[Cannes 2024] “Bird”, le bestiaire d’Andrea Arnold s’agrandit avec grâce

Dans “Bird”, le nouveau film d’Andrea Arnold, la cinéaste britannique renoue avec sa veine sociale, en introduisant dans la banlieue prolétaire anglaise, tout un bestiaire magique.

Bird raconte l’histoire de Bailey, jeune adolescente (Nykiya Adams) qui, fascinée par les oiseaux, rêve littéralement de s’envoler pour fuir le quotidien violent de la banlieue anglaise dans laquelle elle vit.

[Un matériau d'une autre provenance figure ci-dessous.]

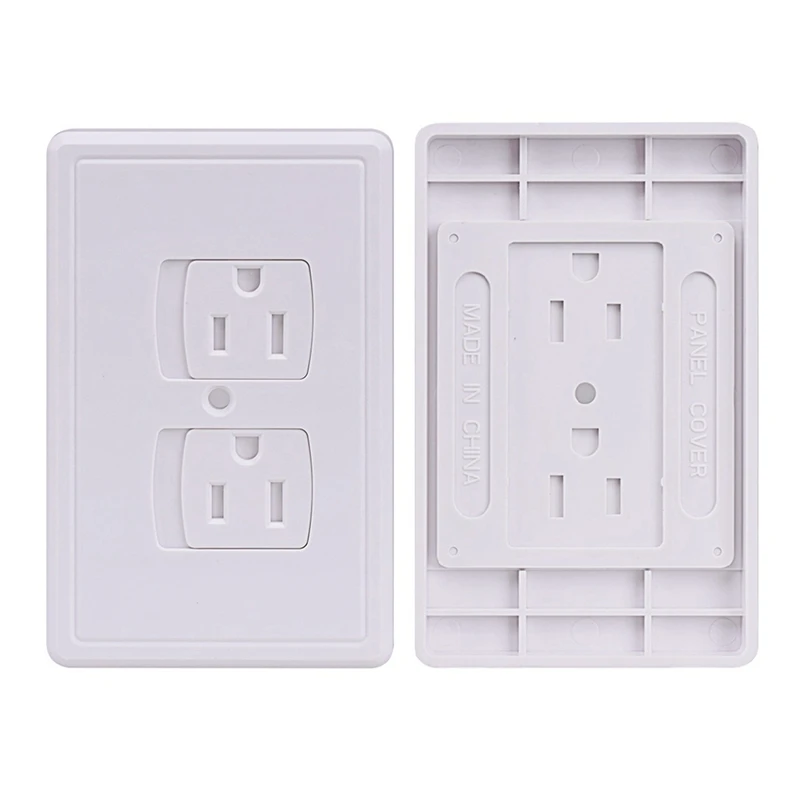 FUFU 6-Pack Safety Self-Closing Outlet Covers, Wall Socket Plate Automatic Sliding Cap Cover For Child Proofing Outlets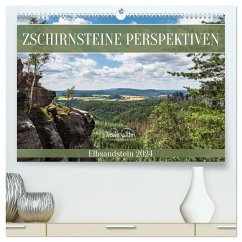Zschirnsteine Perspektiven - Elbsandstein (hochwertiger Premium Wandkalender 2024 DIN A2 quer), Kunstdruck in Hochglanz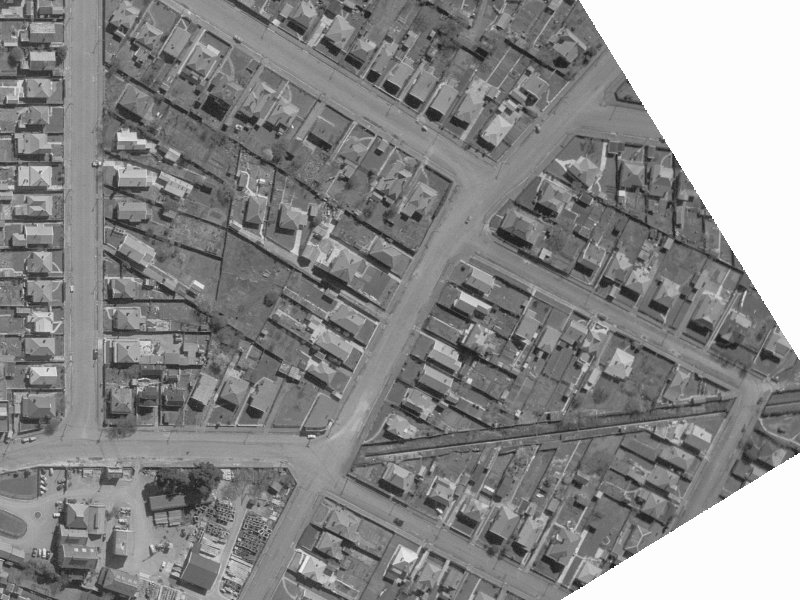 141A Olliviers Road from the air, 1960-1964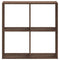 vidaXL Bookcase Brown Oak 68.5x32x68.5 cm Engineered Wood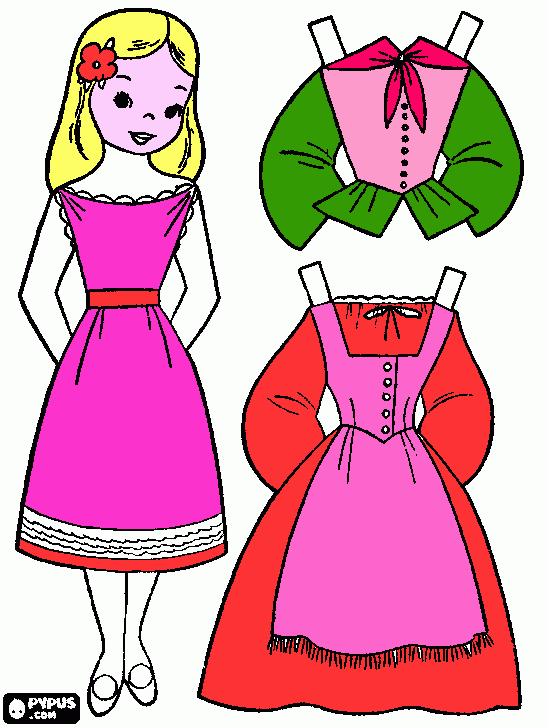 monita para colorear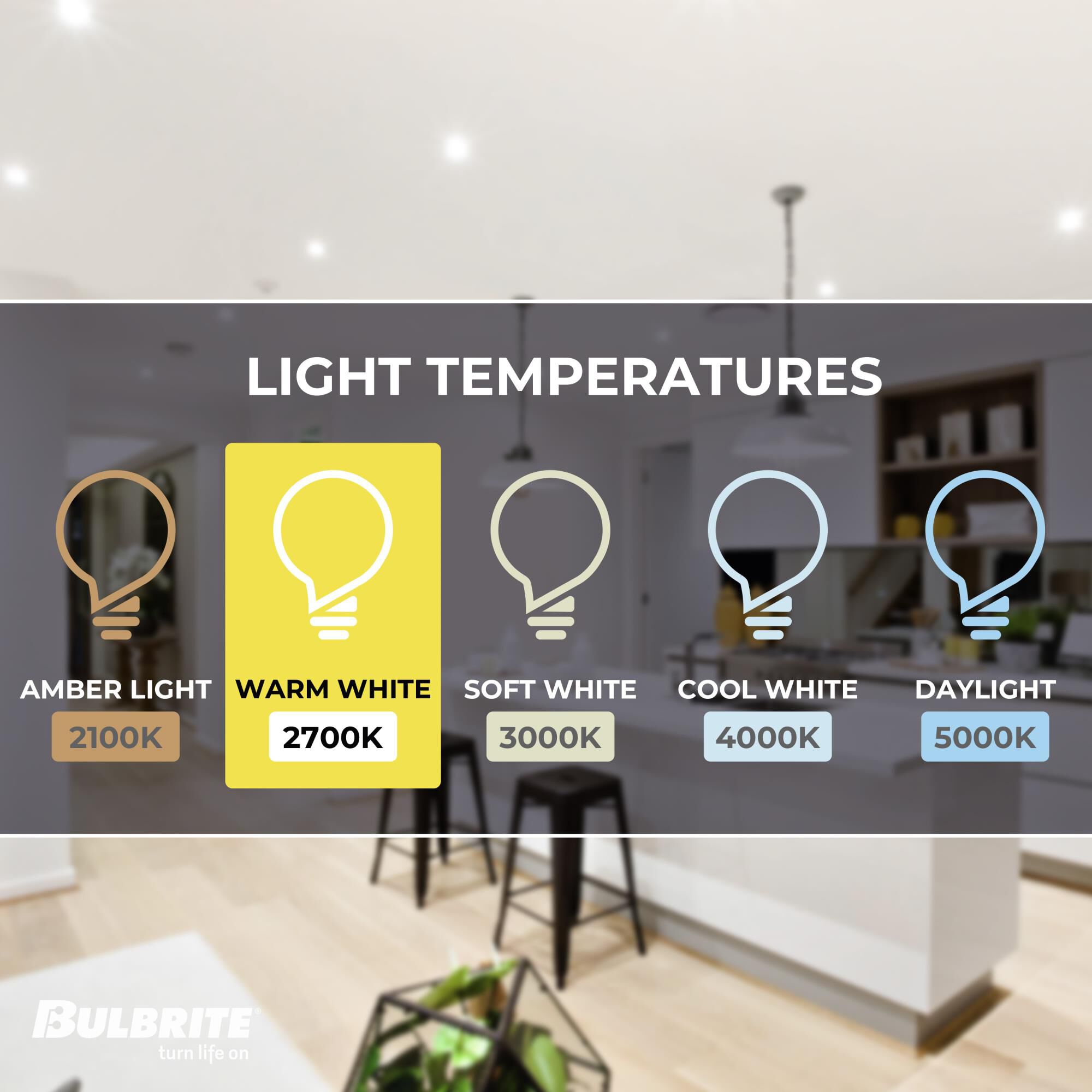 1 Inch LED 110 Degree Recessed Lighting Trim by Bulbrite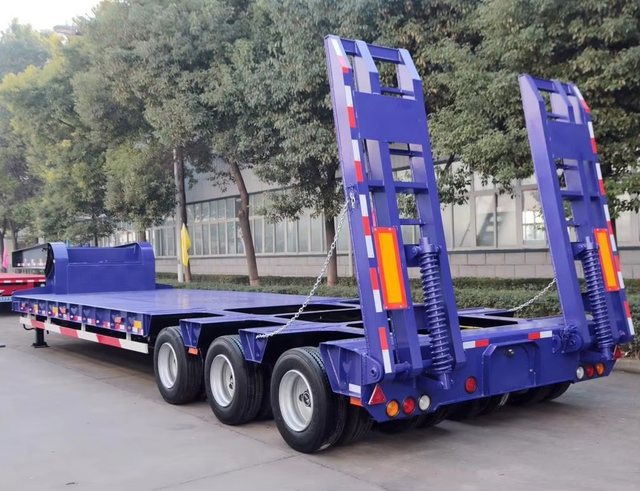 High Capacity Chengxin Lowbed Semi Trailer for Heavy Loads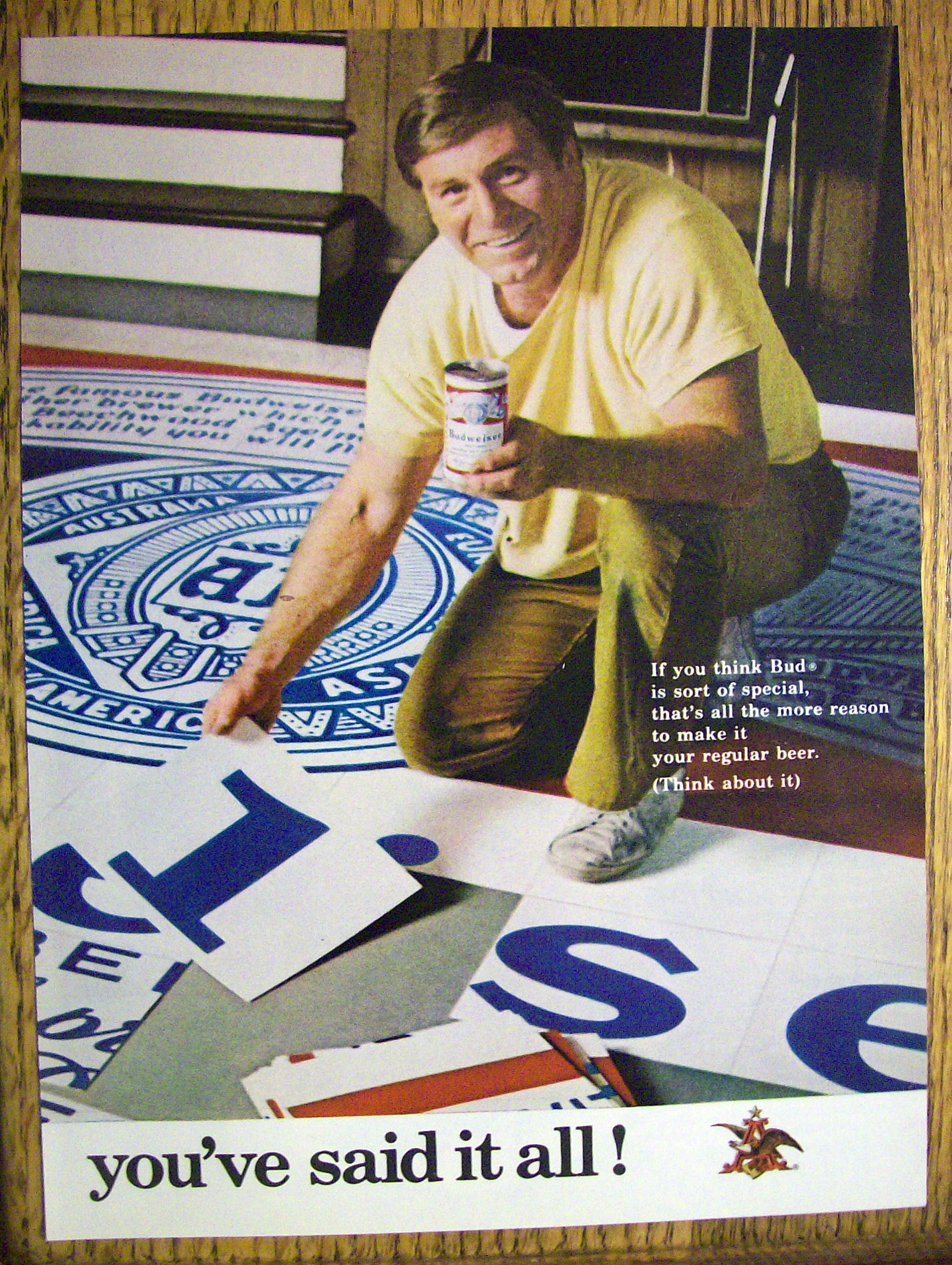 1972 Budweiser Beer with Man Building Puzzle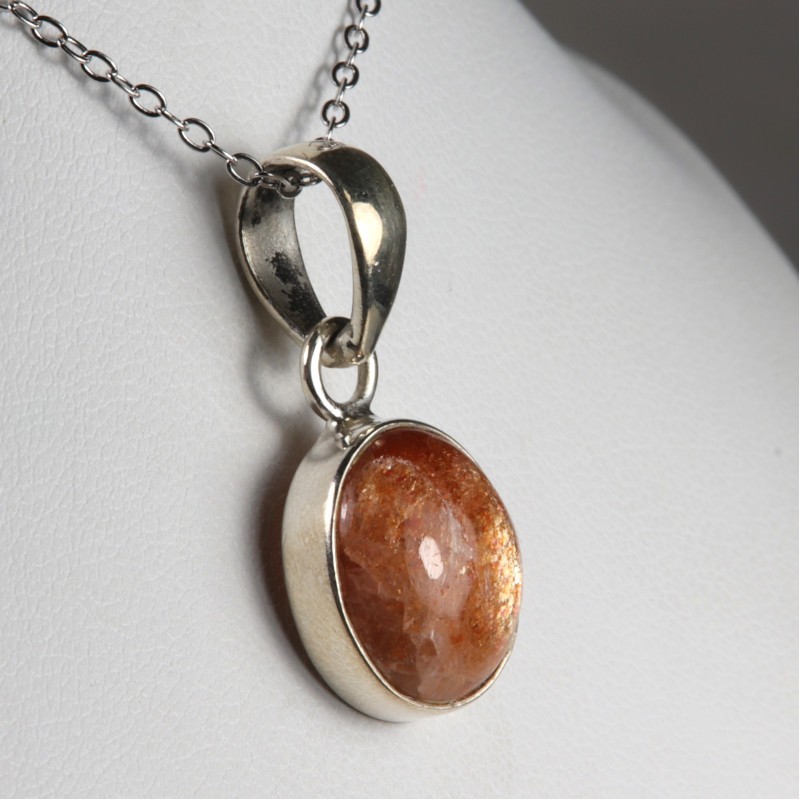 Pendentif Pierre de Soleil- Argent 925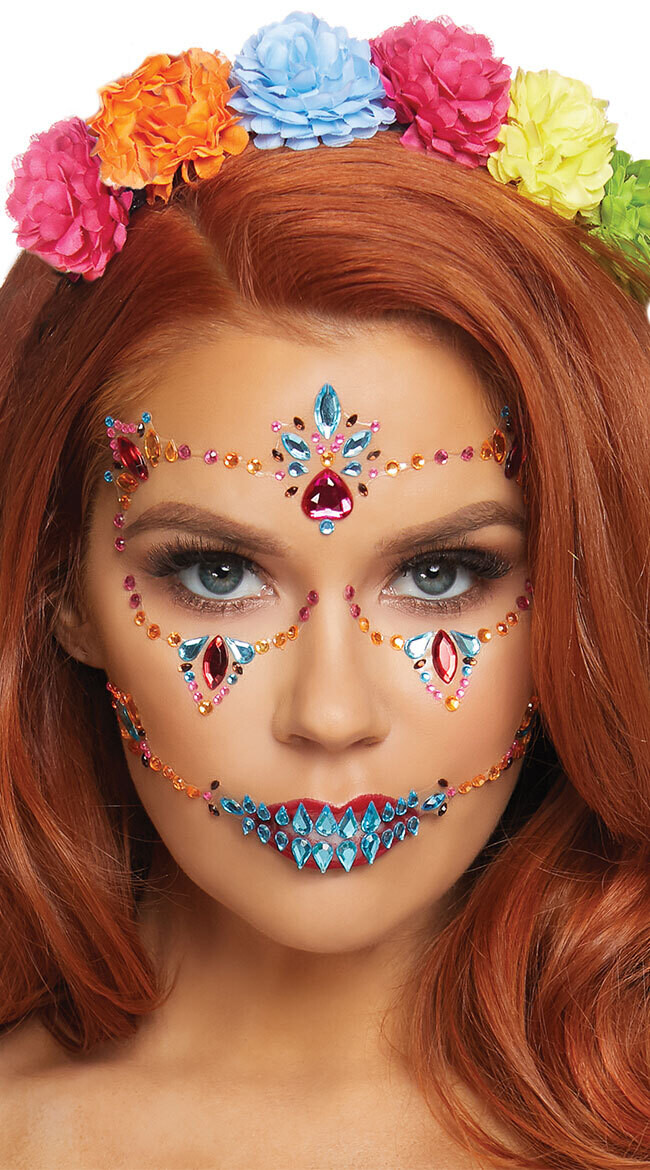 day of the dead adhesive eye020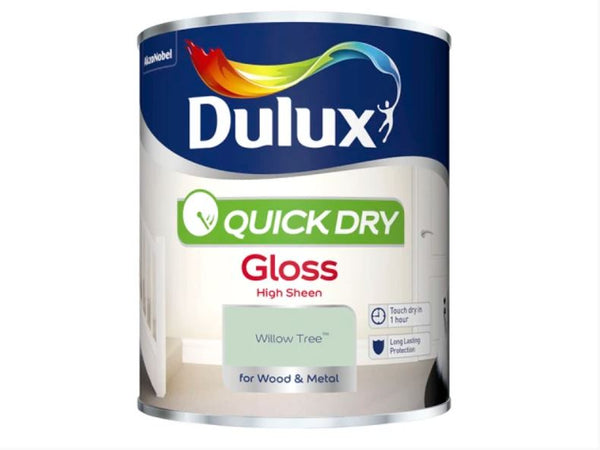 Dulux Quick Dry Gloss Willow Tree 750ml 5358149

Dans ce nouveau film, la cinéaste semble pousser à son paroxysme tout ce qui jusqu’ici constituait son cinéma. La profusion d’éléments de décors par exemple, qui prend ici une autre ampleur, tout comme la violence masculine qu’elle n’avait jamais montrée aussi crûment. On connaît aussi l’importance de la présence animale dans le travail de la cinéaste : de l’abeille de Wasp, un court métrage sorti en 2003, à la vache de Cow, protagoniste du documentaire sorti en 2021. L’animal a toujours chez Arnold, une importance quasi mystique (on pense à l’ours d’American Honey ou au cheval de Fish Tank), comme un soutien silencieux ou un alter ego de ses personnages féminins. Elle les filme comme des apparitions, dans des moments de grâces statiques, avec une subtilité qui manque malheureusement un peu à ce nouveau film.

Les petites vies

C’est tout un bestiaire, que la cinéaste réunit dans Bird : oiseau, papillon, crapaud, chien, cheval, apparaissent çà et là, comme une horde invisible qui épaule la jeune fille et qui transforme la banlieue anglaise en un monde enchanté, où les crapauds bavent des liquides précieux si on leur chante du Coldplay. C’est du moins ce que croit le père de Bailey, interprété par Barry Keoghan, qui, comme pour les précédentes guest stars masculines de la cinéaste, se dévoile brillamment sous son objectif. En parallèle de la violence du monde humain (violence principalement masculine), Andrea Arnold fait cohabiter un monde salvateur, celui des bêtes, des petites vies, comme les appelle la poétesse italienne Anna Maria Ortese. L’animal comme présence salvatrice est personnifié par Bird (Franz Rogowski), personnage éponyme à l’aspect volatil qui entre dans la vie de l’adolescente pour mieux l’y en extraire. Lors de leur première rencontre, l’adolescente se sentant menacée, dégaine son téléphone pour le filmer; c’est aussi ce qu’elle fera avec le compagnon violent de sa mère lorsqu’il maltraite ses petites sœurs. Quand elle ne filme pas pour se défendre, Bailey film obsessionnellement les mouettes qu’elle projette ensuite sur le plafond de sa chambre. Le cinéma est comme l’oiseau de Bailey, une échappatoire et un moyen de résistance. Un joli hommage (autobiographique ?) au cinéma.

Bird d’Andrea Arnold, avec Nykiya Adams, Barry Keoghan, Franz Rogowski (Royaume-Uni). En compétition.